Court – Situs for Purposes of the Longshore and Harbor Workers’ Compensation Act (LHWCA)
The U.S. Court of Appeals for the Fifth Circuit in the case of “MMR CONSTRUCTORS, INCORPORATED v DIRECTOR, OFFICE OF WORKERS’ COMPENSATION PROGRAMS” ruled on March 26, 2020 that a quality assurance and control technician for electrical systems was covered by the Longshore Act for compensation benefits.
The individual, Henry Flores, worked for MMR Constructors (“MMR”) as a quality assurance and control technician for electrical systems. He assisted with electrical wiring for the construction of Chevron’s tension-leg platform named Big Foot. While working on the platform on January 20, 2014, Flores’ left foot got caught on a cable and he tore his Achilles tendon. The parties do not dispute that the injury occurred during the course and scope of his employment.
While Big Foot is currently located at its permanent home in the outer Continental Shelf of the Gulf of Mexico, at the time of Flores’ accident, it was under construction at a shipyard in Corpus Christi Bay.

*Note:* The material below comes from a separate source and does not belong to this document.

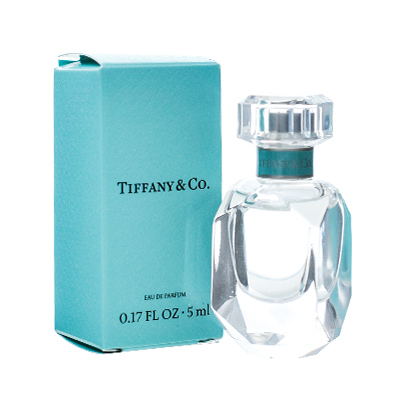 Tiffany Co 蒂芙尼钻石同名女士香水（5ml）EDP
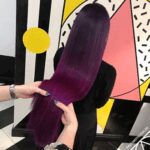 CRAZY COLOR Nº 61 BURGUNDY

During construction of what would ultimately become Big Foot, the platform floated in the bay on pontoons, connected to land by steel cables and utility lines.
The first challenge was for the Court of Appeals to determine whether Flores, injured on a floating platform, would have satisfied the “situs” test under the LHWCA prior to 1972. In short, if Big Foot was on navigable waters, then Flores would have been covered under the pre-1972 LHWCA. The U.S. Supreme Court case of Perini taught us that he would also be eligible for coverage under the amended Act, despite his inability to otherwise meet the “status” test. If, however, Big Foot did not rest on navigable waters, then Flores’ claim would fail because he could not satisfy the situs or the status test required by the post-1972 amendments to the LHWCA.
It was clear that if a craft resting on navigable waters is permanently attached to land, then the water underneath the craft is removed from navigation and is not navigable under the LHWCA. While Big Foot was attached to land bordering Corpus Christi Bay, its attachment was not permanent. Big Foot was attached only temporarily while under construction—it was built to be moved offshore to drill for oil and gas in the Gulf of Mexico. Because it was not permanently attached to land, the water underneath it was not removed from navigation. Thus, Flores was injured on navigable waters and is entitled to benefits under the Act if MMR was a statutory “employer.”
Turning to that question, the Court held that because Flores was regularly employed by MMR on navigable waters under Perini, he met the “employee” definition. Accordingly, it followed that MMR had at least one employee engaged in maritime employment. This conclusion was that the Court should not read the “status” test as narrowing the definition of a statutory employer, and, consistent with the reasoning of the Supreme Court in Perini, Congress sought to expand, not limit, coverage under the LHWCA with the 1972 amendments. MMR was thus an employer under the Act.